Jadi Pelopor Perdagangan di Pasar Baru

Koran SINDO, Jurnalis
Kamis 26 Januari 2017 11:20 WIB
Foto: Koran Sindo
Share :

SEBAGAIMANA kota-kota besar di Indonesia, sejarah Kota Bandung juga tidak lepas dari keberadaan etnik Tionghoa. Konon etnik ini berpindah ke Bandung saat pecah Perang Diponegoro (1825-1830).

Setiba di Bandung, mereka sebagian besar tinggal di Kampung Suniaraja dan sekitar Jalan Petjinan Lama. Mereka menetap dan mencari nafkah di sana. Kemarin komunitas pencinta sejarah bernama Komunitas Aleut dan Best Western La Grande Hotel Bandung menyusuri tempat-tempat bersejarah etnik Tionghoa yang masih terjaga hingga kini. Destinasi pertama adalah sebuah kedai tua bernama Warung Kopi Purnama. Kedai di Jalan Alkateri No 22 Asia- Afrika Bandung ini sudah ada sejak 1930, didirikan oleh Yong A Thong asal Medan.

Dia memperkenalkan kopi tiam di kawasan itu, kini kedai kopi dikelola generasi keempat. Masuk ke kedai ini seperti dibawa ke suasana Bandung zaman kolonial. Kursi-kursi jati dan meja marmer menyambut hangat, konon furnitur ini tidak pernah diganti sejak kedai ini dibuka. Masih berhubungan dengan kopi, destinasi kedua adalah Pabrik Kopi Aroma di kawasan Banceuy. Bangunannya bergaya pecinan, serba-tertutup kecuali satu pintu kecil yang terbuka tempat pembeli mengantre. Aroma kopi sudah memenuhi udara beberapa meter sebelum sampai ke toko ini.

Didirikan oleh Tan How Sian pada 1930, toko kopi ini sekarang menjadi salah satu oleh-oleh yang wajib dibawa dari Bandung. Kawasan pecinan yang masih terjaga adalah Jalan Petjinan Lama. Jalan ini berada tepat di samping Jalan Banceuy dan mengarah langsung menuju Pasar Baru. “Pasar Baru rupanya menjadi asal-muasal perdagangan di kota ini dan terdapat sejarah literasi etnik Tionghoa di sini. Kawasan dagang para saudagar kaya asal Sunda, Jawa, Palembang, India, dan Arab,” ujar Koordinator Literasi Komunitas Aleut, Irfan Teguh Pribadi.

Perjalanan dilanjutkan ke toko obat herbal yang sudah berdiri sejak 1880-an, yakni Baba Kuya.
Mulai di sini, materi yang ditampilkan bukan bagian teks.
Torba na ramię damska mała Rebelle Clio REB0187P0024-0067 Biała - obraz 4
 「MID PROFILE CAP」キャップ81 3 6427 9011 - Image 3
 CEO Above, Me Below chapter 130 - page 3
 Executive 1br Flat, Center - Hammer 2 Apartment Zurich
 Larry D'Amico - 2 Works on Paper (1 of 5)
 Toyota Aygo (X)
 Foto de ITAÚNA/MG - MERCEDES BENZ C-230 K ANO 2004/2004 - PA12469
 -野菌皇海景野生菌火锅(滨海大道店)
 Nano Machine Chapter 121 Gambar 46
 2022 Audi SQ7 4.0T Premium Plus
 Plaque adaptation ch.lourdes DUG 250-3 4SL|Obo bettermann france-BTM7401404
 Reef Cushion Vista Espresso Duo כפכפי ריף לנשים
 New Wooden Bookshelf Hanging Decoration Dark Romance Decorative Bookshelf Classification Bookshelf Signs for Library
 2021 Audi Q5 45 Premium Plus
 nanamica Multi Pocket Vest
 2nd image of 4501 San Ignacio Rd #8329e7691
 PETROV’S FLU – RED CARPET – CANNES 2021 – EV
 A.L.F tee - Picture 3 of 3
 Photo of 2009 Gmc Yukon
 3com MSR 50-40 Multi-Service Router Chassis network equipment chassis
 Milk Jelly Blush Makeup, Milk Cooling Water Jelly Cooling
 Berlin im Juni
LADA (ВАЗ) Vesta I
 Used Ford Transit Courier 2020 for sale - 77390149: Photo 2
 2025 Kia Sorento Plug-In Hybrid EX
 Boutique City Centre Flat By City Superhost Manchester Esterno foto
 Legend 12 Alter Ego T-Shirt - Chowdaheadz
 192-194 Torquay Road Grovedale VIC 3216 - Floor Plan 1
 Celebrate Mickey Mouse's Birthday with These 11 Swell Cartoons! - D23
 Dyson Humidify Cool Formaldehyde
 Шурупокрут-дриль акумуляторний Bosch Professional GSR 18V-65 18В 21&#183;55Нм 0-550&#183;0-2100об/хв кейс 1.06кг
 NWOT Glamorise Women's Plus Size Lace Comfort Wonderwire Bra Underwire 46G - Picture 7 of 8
Toko obat yang didirikan oleh Tan Sioe How ini menjual bahan-bahan obat yang tidak hanya digunakan para sinshe (pengobatan Cina) tapi juga pengobatan modern. Sementara bagi pencinta kuliner, jejak etnik ini di Bandung adalah cakue osin. Di Jalan Babatan berdiri sebuah warung cakue khas Tionghoa sejak 1934. Toko yang hanya buka sejak pukul 07.00 hingga 11.00 ini memiliki banyak menu khas, bukan hanya cakue, tetapi ada juga kompia dan kue cinsoko. Bangunan bersejarah lain adalah Kelenteng Satya Budhi.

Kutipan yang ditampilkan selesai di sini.